The Transition in the Jester's House
by John B. Ford


It was a brightly coloured building that many found nauseating to look upon. In contradiction of its supposedly cheerful exterior, I have known unwary strangers to become melancholy just by unwittingly leaning on its gaudy stonework, or when attempting to gaze in through its rainbow-tinted windows. More alarming still is the peculiar reaction of children as they pass by the house, for without fail their faces will always turn towards the jester’s colourful abode and display aspects of sheer terror.

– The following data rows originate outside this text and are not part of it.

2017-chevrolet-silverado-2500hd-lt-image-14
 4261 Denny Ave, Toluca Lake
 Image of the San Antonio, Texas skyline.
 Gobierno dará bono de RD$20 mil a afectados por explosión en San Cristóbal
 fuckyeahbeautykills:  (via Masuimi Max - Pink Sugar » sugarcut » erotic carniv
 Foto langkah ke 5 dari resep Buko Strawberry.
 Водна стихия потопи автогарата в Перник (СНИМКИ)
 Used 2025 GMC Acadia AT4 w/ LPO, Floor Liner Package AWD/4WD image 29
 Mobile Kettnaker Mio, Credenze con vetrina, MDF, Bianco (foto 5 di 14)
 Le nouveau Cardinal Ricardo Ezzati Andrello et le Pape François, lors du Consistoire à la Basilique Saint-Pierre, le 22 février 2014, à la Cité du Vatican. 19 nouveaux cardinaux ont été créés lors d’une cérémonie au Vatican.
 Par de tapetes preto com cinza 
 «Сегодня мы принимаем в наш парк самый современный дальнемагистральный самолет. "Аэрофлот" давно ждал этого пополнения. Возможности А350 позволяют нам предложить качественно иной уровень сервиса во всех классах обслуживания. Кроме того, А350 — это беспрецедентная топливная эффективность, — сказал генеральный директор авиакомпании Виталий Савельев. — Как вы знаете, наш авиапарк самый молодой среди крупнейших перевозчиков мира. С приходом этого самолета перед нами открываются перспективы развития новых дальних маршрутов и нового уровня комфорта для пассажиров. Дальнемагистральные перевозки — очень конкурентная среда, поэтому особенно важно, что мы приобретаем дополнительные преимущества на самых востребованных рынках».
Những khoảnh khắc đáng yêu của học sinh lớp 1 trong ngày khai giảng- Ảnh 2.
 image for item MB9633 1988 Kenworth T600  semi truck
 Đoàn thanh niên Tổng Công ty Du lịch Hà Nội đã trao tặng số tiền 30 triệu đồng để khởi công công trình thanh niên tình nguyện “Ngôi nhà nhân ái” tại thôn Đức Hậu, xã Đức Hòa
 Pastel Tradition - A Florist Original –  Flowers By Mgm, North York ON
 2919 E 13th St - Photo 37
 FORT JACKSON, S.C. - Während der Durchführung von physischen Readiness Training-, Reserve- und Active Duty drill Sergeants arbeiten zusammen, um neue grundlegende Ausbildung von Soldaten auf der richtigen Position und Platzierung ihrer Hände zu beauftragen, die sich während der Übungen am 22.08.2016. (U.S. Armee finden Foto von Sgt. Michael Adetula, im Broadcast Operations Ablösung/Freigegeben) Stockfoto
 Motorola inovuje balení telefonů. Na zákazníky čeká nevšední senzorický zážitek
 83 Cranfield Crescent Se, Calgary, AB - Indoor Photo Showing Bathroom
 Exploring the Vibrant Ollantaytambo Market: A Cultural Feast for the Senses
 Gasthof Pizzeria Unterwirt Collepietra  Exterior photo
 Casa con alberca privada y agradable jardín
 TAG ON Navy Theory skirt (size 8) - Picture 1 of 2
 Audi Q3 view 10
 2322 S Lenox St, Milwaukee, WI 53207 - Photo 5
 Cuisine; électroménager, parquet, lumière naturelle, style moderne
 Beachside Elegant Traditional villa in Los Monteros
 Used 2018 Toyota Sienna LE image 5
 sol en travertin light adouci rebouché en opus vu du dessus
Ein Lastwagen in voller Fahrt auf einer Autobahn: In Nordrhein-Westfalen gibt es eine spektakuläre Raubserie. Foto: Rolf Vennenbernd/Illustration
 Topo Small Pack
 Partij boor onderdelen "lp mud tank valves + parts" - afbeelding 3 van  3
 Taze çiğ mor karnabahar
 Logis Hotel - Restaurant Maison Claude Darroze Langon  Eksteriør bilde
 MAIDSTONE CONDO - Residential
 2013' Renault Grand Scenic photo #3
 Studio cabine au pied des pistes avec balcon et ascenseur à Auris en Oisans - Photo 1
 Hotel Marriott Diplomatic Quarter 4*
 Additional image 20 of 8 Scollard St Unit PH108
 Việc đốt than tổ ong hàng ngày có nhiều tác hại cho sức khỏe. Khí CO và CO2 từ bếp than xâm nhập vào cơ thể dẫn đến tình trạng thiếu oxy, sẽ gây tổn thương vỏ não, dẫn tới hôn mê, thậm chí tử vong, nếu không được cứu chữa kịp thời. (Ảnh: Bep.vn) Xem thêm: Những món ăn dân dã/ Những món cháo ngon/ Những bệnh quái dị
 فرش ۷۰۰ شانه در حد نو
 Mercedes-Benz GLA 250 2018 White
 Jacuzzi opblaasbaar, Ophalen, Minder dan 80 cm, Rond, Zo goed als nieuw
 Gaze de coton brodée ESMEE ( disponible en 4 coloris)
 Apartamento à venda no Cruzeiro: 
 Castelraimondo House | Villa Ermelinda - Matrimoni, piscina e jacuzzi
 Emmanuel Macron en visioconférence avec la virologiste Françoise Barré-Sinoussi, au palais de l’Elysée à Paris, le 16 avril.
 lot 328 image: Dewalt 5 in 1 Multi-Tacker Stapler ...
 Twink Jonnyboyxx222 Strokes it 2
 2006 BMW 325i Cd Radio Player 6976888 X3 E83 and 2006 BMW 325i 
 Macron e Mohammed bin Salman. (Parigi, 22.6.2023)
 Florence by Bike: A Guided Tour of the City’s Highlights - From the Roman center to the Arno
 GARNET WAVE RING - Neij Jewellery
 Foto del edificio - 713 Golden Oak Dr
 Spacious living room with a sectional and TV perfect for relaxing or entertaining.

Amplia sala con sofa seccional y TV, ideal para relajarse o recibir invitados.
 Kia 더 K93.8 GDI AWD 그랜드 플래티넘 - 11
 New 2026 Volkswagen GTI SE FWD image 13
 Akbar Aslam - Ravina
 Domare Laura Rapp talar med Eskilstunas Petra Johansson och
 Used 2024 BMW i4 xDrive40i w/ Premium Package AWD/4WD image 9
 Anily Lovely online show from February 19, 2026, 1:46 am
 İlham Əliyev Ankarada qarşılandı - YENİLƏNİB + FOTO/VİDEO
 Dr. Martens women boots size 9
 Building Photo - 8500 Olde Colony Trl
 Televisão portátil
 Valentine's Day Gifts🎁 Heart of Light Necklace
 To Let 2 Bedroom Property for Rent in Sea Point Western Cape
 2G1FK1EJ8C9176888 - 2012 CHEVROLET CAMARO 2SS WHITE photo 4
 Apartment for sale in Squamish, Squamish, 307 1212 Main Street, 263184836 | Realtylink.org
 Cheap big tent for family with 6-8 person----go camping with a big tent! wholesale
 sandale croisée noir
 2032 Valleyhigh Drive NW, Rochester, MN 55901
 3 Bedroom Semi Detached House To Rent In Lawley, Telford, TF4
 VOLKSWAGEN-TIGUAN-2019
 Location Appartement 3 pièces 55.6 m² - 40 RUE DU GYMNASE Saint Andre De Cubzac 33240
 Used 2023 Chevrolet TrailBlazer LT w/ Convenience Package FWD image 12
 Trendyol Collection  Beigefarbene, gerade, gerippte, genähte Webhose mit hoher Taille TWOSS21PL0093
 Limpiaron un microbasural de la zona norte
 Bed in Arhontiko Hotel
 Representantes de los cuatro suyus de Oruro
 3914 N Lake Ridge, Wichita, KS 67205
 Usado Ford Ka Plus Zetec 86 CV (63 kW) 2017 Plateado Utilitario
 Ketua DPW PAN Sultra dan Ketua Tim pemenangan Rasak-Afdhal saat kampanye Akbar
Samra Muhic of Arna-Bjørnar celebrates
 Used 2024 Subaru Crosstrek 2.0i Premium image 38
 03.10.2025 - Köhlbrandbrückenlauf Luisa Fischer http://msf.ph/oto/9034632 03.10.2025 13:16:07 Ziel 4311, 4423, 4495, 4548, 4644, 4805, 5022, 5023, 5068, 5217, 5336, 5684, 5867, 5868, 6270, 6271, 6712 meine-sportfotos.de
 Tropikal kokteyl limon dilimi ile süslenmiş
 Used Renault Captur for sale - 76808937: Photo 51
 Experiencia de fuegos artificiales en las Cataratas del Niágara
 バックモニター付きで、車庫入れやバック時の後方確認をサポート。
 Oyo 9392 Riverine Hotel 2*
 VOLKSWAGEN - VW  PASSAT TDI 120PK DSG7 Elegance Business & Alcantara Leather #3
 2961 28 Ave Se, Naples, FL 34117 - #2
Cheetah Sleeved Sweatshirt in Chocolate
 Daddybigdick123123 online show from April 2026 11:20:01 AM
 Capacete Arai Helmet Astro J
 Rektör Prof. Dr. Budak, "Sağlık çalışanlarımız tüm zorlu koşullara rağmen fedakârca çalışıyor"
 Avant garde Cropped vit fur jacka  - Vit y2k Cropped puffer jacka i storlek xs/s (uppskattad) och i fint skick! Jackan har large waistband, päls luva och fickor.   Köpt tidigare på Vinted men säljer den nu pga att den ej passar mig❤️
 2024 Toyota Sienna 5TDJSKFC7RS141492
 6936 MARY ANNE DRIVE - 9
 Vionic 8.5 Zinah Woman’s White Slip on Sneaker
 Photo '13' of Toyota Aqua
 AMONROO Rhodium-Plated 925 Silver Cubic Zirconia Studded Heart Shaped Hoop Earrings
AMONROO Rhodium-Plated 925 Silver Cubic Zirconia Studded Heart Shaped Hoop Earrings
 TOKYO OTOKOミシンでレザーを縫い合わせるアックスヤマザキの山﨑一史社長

The jester’s house was very rarely spoken of by the locals of our town. The changes that have taken place in it have confirmed to us all that it is now far from being the place of joyful exuberance it once was. For although on certain nights there is laughter heard coming from within the walls of the house, its quality is always, without fail, that of insanity. Despite this fact, I have previously heard whispered rumours that the jester’s house has no living occupants, and that the fool responsible for the town’s good humour died many years ago, even though no-one remembers his funeral, or can successfully trace his obituary.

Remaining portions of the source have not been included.